George Xing, co-founder and CEO of Supergrain, on the future of business intelligence

Interview
it's not great for machine learning, and it doesn't support real time or streaming analytics as a first-class citizen yet
Analyzed 5 sources

The key strategic point is that the warehouse was built first for batch SQL analytics, so newer workloads like model training and sub second event processing opened the door for adjacent platforms to become control points. In practice, Snowflake became the place dashboards query, while Databricks and stream processing systems grew around notebook based ML, feature pipelines, Kafka style ingestion, and always on event handling.

  • Inside the BI workflow, the warehouse is where teams store cleaned tables and run SQL for dashboards. George Xing describes the problem above that layer, metric logic often lives separately in each BI tool, which is why semantic products emerged even when the warehouse remains the data hub.
  • Databricks was designed around Spark workloads that mix batch, streaming, and ML in one environment. Its lakehouse architecture explicitly positions real time processing and machine learning alongside BI, which is why it became the natural comparison when warehouse vendors stretched beyond reporting.
  • Snowflake has since moved toward both gaps. Its current docs highlight Snowflake ML, including feature store and model registry capabilities, and Snowpipe Streaming for low latency ingestion and live dashboards.
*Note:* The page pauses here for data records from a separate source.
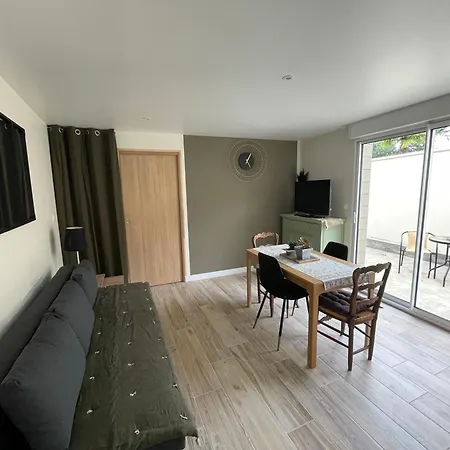 Bed and Breakfast Les Du Doux Refuge 3*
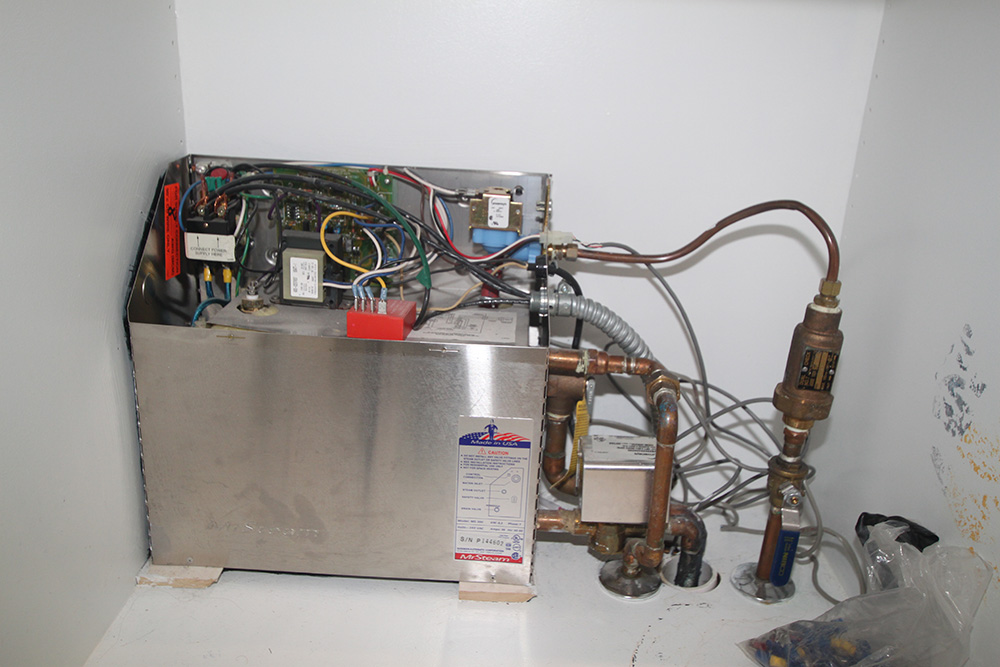 Kohler Steam Generator Wiring Diagram - Wiring Diagram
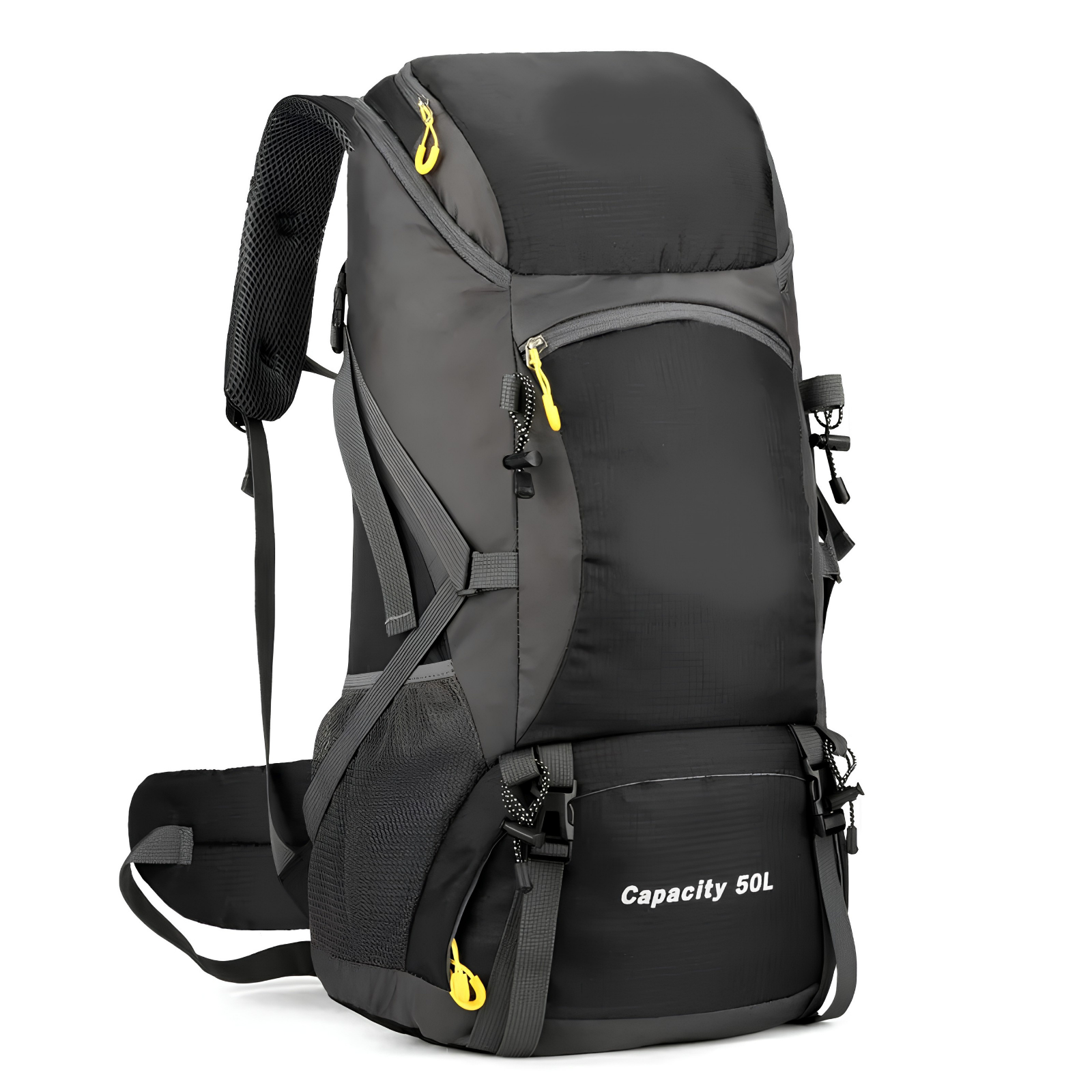 Senjia Tethys SJ8006H Sporty Outdoor Mountaineering Backpack - enhanced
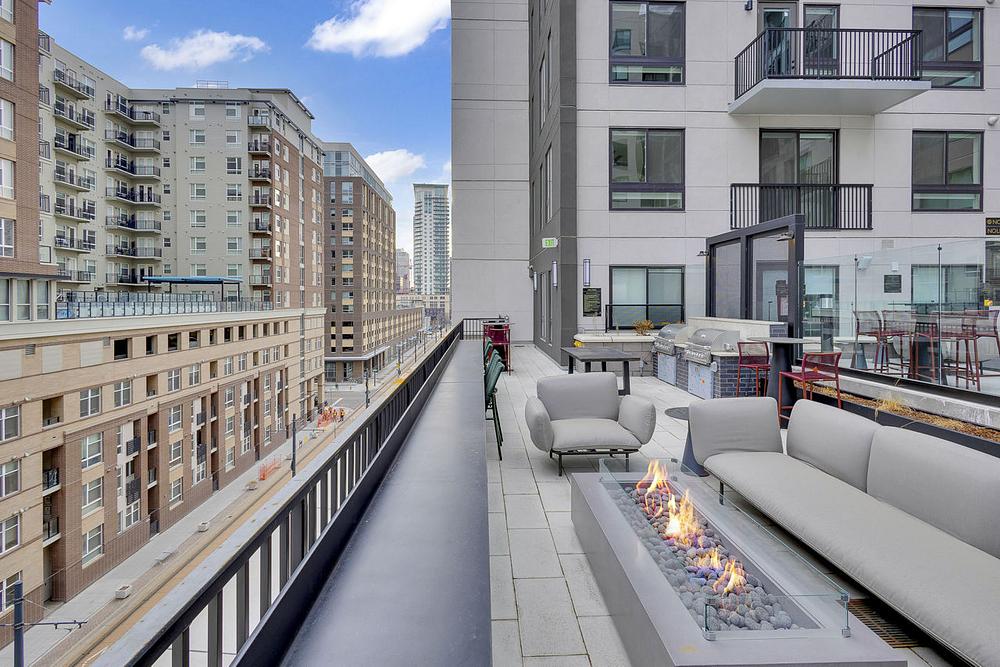 The Dorsey 600 Park Ave W, Denver, CO 80205 Five Points - Leasing by Cross Street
That confirms the economic logic George Xing pointed to, more workloads on platform means more compute consumed.

The next phase is warehouse rebundling. Core data platforms are pulling in semantics, ML, and streaming so more applications can run against one governed data layer. That shifts competition away from raw storage and toward who best supports operational analytics, AI workflows, and application building on the same underlying data.